Compactness and Hausdorff metric

Question

I have this theorem "$X$ is compact $\leftrightarrow\exp X$ is compact", but i can not find source of it. It concerns Hausdorff metric.

Answer 1

The theorem that the continuous image of a compact set is compact will give the result as $exp$ and $log$ are both continuous functions. The theorem states:

If $f:X \rightarrow Y$ is a continuous map of topological spaces and $A \subset X$ is compact, then so is $f(A)$.

Answer 2

This is indeed true, for the Vietoris topology on the hyperspace $\operatorname{Exp}(X)$. For compact metric spaces this topology is metrisable and the Hausdorff metric is a compatible metric for it. This can be found in Nadler's book on hyperspaces, e.g., or spread over several exercises in Engelking's book "General Topology".

The Vietoris topology (on the set $\operatorname{Exp}(X)$ of closed non-empty subsets of a space $X$) has as a subbase all sets of the form $\langle U \rangle = \{ A \subset X: A \subset U \}$ and $[U] = \{A \subset X: A \cap U \neq \emptyset\}$, where $U$ ranges over the non-empty open subsets of $X$ (and all $A$ are closed non-empty).

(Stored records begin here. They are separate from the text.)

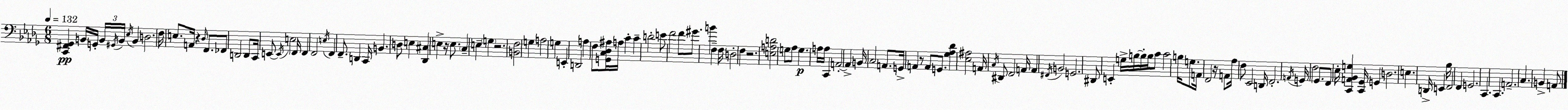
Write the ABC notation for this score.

X:1
T:Untitled
M:6/8
L:1/4
K:Bbm
[C,,^F,,_G,,] B,,/4 G,,/4 B,,/4 ^G,,/4 B,,/4 _E,/4 B,, D,2 F,/4 E,/2 A,,/4 z _D,/4 F,,/2 _F,,/2 D,,2 D,,/2 C,,/4 E,,/2 E,,/4 E,2 F,,/4 F,, F,,2 E,/4 F,, F,,/2 D,, C,,/4 B,, D,/2 E, [_D,,^C,] E, z/4 E,/2 C, E, G, z2 [B,,F,]2 G, A,2 G, E,, D,,2 A, F,/2 [G,,C,_D,^A,]/4 A,/4 C C D2 E/2 F2 F/2 ^G/2 B F, F,/4 D,2 F, z2 [E,A,D]2 G,/2 _A,/2 G, A,/4 A,/4 C,, A,,2 A,, B,,/4 C,2 A,,/2 G,,/4 A,, z/2 A,,/2 G,,/2 [_G,_A,_D] [_E,^A,]2 A,,/4 C,/4 ^D,,/2 F,,2 A,,/4 A,, ^F,,/4 B,,2 G,,2 ^D,,/2 E,, G,/4 B,/4 B,/4 B,/4 C/2 C2 B,/4 G,/2 A,,/4 F,,2 z/4 A,,/2 _A,/4 F,/2 _E,,2 D,,/4 F,,2 A,,/4 G,,/4 F,2 _G,,/2 F,,/2 _E,/4 [C,,A,,_B,,G,] [C,,_G,,]/4 G,, D,2 E, D,,/4 E,, _B,/4 F,,2 F,, G,,2 C,, C,, A,,2 C, B,, A,,/2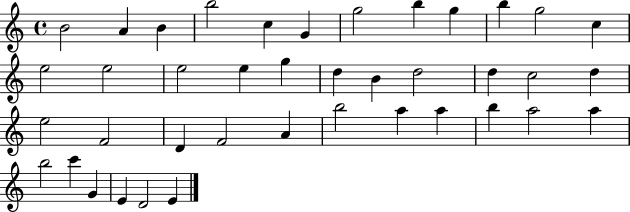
X:1
T:Untitled
M:4/4
L:1/4
K:C
B2 A B b2 c G g2 b g b g2 c e2 e2 e2 e g d B d2 d c2 d e2 F2 D F2 A b2 a a b a2 a b2 c' G E D2 E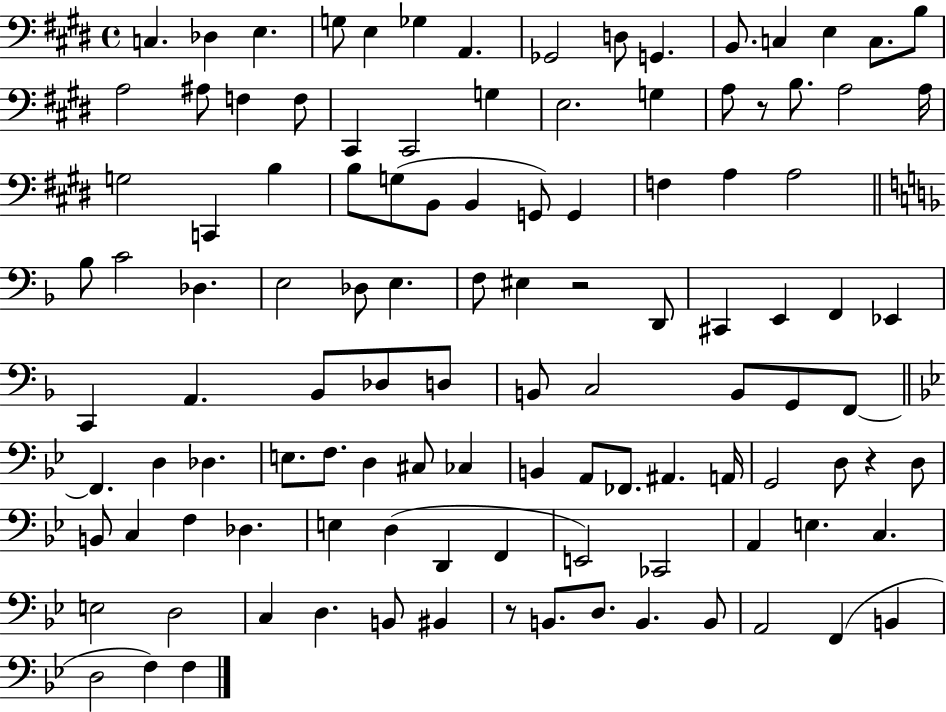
C3/q. Db3/q E3/q. G3/e E3/q Gb3/q A2/q. Gb2/h D3/e G2/q. B2/e. C3/q E3/q C3/e. B3/e A3/h A#3/e F3/q F3/e C#2/q C#2/h G3/q E3/h. G3/q A3/e R/e B3/e. A3/h A3/s G3/h C2/q B3/q B3/e G3/e B2/e B2/q G2/e G2/q F3/q A3/q A3/h Bb3/e C4/h Db3/q. E3/h Db3/e E3/q. F3/e EIS3/q R/h D2/e C#2/q E2/q F2/q Eb2/q C2/q A2/q. Bb2/e Db3/e D3/e B2/e C3/h B2/e G2/e F2/e F2/q. D3/q Db3/q. E3/e. F3/e. D3/q C#3/e CES3/q B2/q A2/e FES2/e. A#2/q. A2/s G2/h D3/e R/q D3/e B2/e C3/q F3/q Db3/q. E3/q D3/q D2/q F2/q E2/h CES2/h A2/q E3/q. C3/q. E3/h D3/h C3/q D3/q. B2/e BIS2/q R/e B2/e. D3/e. B2/q. B2/e A2/h F2/q B2/q D3/h F3/q F3/q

Alexander's subbase lemma implies that if $X$ is compact, so is $\operatorname{Exp}(X)$. Proof: let $\{ \langle U_i \rangle: i \in I\} \cup \{ [V_j]: j \in J\}$ be a covering of $\operatorname{Exp}(X)$ by subbasic elements.

If the $V_j$ already cover $X$, this means that every point in the hyperspace intersects some $V_j$. But then same holds for a finite subcover of the $V_j$, and we are done. So assume $A = X \setminus \cup_j V_j$ is non-empty. This set is contained in some $U_{i_0}$. Then $X \setminus U_{i_0}$ is covered by the $V_j$ and as a closed subset of $X$ is compact, and thus covered by $V_{j_1},\ldots,V_{j_n}$. Then $\{[V_{j_1}],\ldots,[V_{j_n}],\langle U_{i_0} \rangle\}$ is a finite subcover.

There are also direct proofs from the metric, but I find these a bit more messy, although here the messy bits are in the proof of the equivalence of these topologies... Anyway, this is one way to go about this.